Frustratingly the actual account of relocation is so brief as to be of little value. It mostly discusses whether the Gilbertese wished to go or not, and labels it a case of forced migration. But were they forced? It was my understanding that the first move from the main Gilberts chain to the Phoenix Islands was largely voluntary (in moving from somewhat drought prone atolls with a high population density) and then, when the Phoenix scheme failed (because of drought and distance), people were anxious to be resettled elsewhere, but could have chosen to return to the Gilberts.
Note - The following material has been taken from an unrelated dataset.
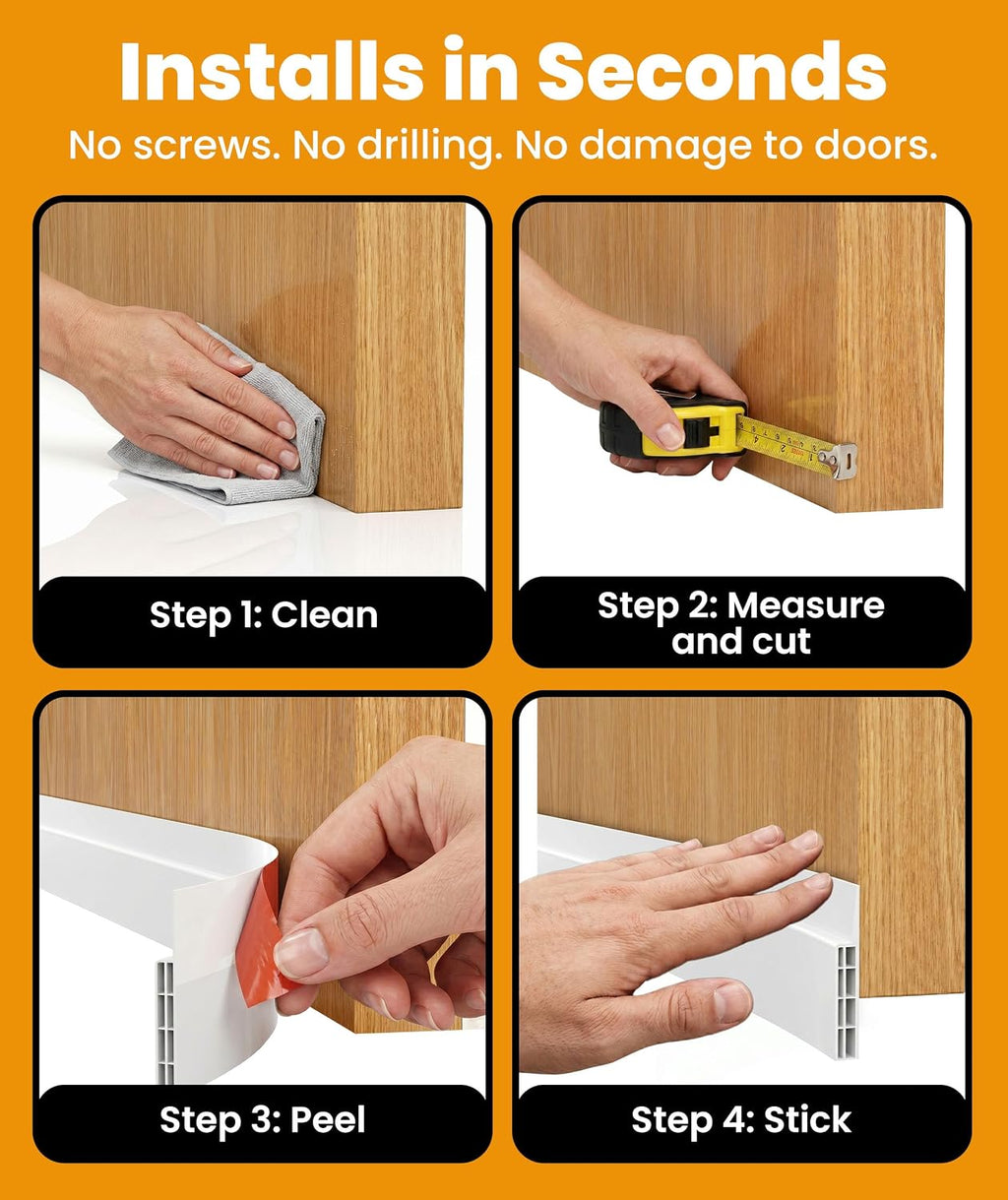2 Pack One-Sided Door Draft Stopper for Bottom of Doors, Door Sweep with Adhesive Installation, Draft Blocker and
What is crucial here is an elaboration of the paragraph starting ‘Unfortunately..’. What were the problematic physical, political and socio-economic factors, and were they experienced by all households? How many households moved? Did leaders go with them? Were they consulted/involved? What islands were they from originally? What sort of land, with what potential were they offered/ given? How was land distribution done? (Problems are hinted at – lines 302-3). Were markets accessible? Was housing provided, on what terms, and other infrastructure, such as water etc?  Were they supported in fishing activities .. etc etc. Lack of advice and assistance was certainly not unusual – but what was particularly problematic? Was it a general fault of colonial planning? And what experience did colonial authorities build on? Did men have to work on plantations – as hinted at? What lessons learned in the Phoenix resettlement did the settlers bring with them so that they could have more effectively exerted their own agency?  Did all household conceive the move equally negatively or were some happy and successful? etc etc   Nothing of this is in the paper yet that is what is clearly needed so that lessons could be learned from this case.
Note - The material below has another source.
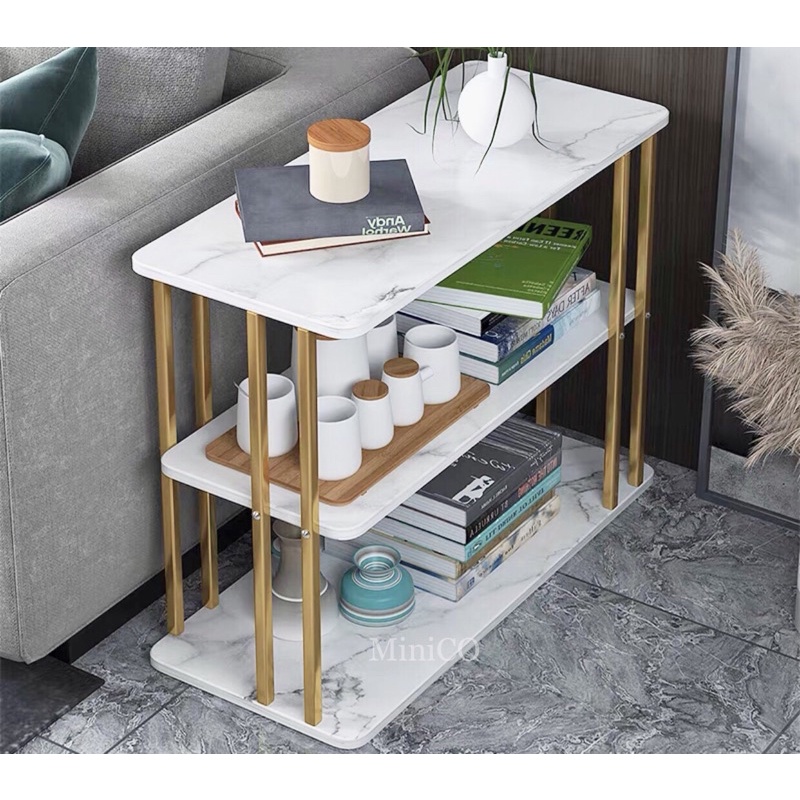 Scandinavian Design 2 Tiers Marble Strap Side Table Coffee Table Living ...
The author states that (s)he interviewed mainly elders – the group most likely to be nostalgic for a past. Were younger people more positive? Is it possible for older people anywhere to be content with long-distance migration moves? (This I however curious since the move took place seemingly almost (?) fifty years before the fieldwork – when these elders would have been children).

On their own island, why were conflicts with the SI populations so problematic? That was more likely to be true in Gizo and the Shortlands.

The conclusion is weak since there are only generalities again, frustratingly repeating the same vague themes about isolation and the loss of land and culture. This is more likely to occur again in the future, for Kiribati and elsewhere, and we need more guidance from the past in what can be learned to avoid or minimize this. What would the author suggest that Kiribati, for example, now do to avoid the problems of the past?

Other points:

p. 1 Reference to Hau’ofa has become something of a politically correct cliché. He offered little more than rhetoric and other scholars (e.g Paul D’Arcy) have challenged the notion of the ever mobile and connected islanders. Indeed where D’Arcy mainly worked – Micronesia, and therefore Kiribati – all the evidence suggests that people moved only out of necessity (e.g. after hazards) and it was not always benevolent (The prehistory of Kiribati is one of warriors). Indeed if there is ‘forced migration’ these early times are when it occurred.  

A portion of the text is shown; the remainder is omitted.